*Data segment*.
== Segment start ==
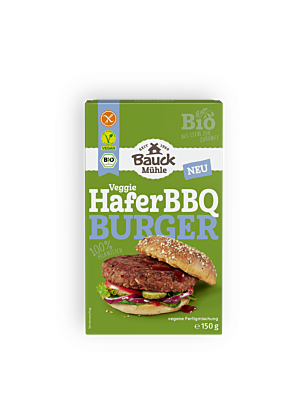Hafer BBQ Burger Bio gf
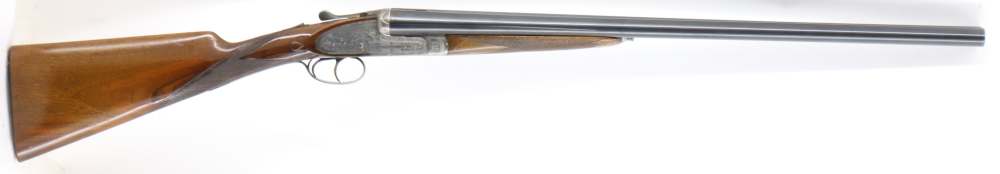 Sarasqueta sidelock Ejectors, 12ga, 26" Double trigger SK/LM 26040033-img-18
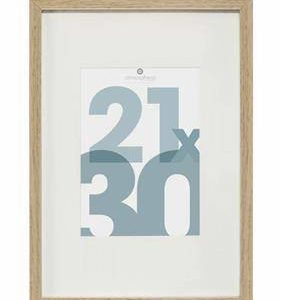 Ramka na zdjęcia Wood slim 21x30cm 386418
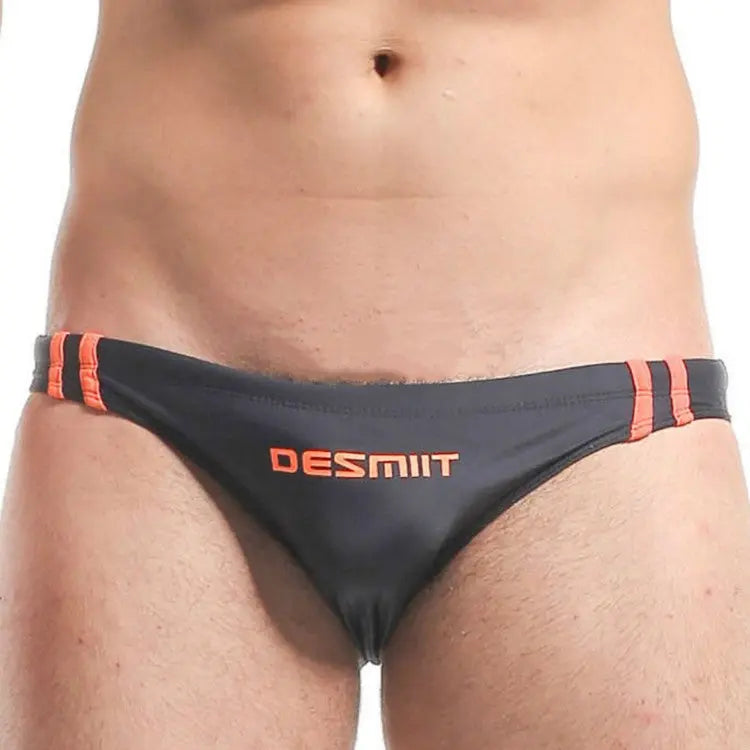 Desmiit Solid Low Cut Swim Brief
== Segment end ==
*What to produce*.
A faithful transcription of the material, with no pictures, is the expected result.

*Written response*.
Hafer BBQ Burger Bio gf
 Sarasqueta sidelock Ejectors, 12ga, 26" Double trigger SK/LM 26040033-img-18
 Ramka na zdjęcia Wood slim 21x30cm 386418
 Desmiit Solid Low Cut Swim Brief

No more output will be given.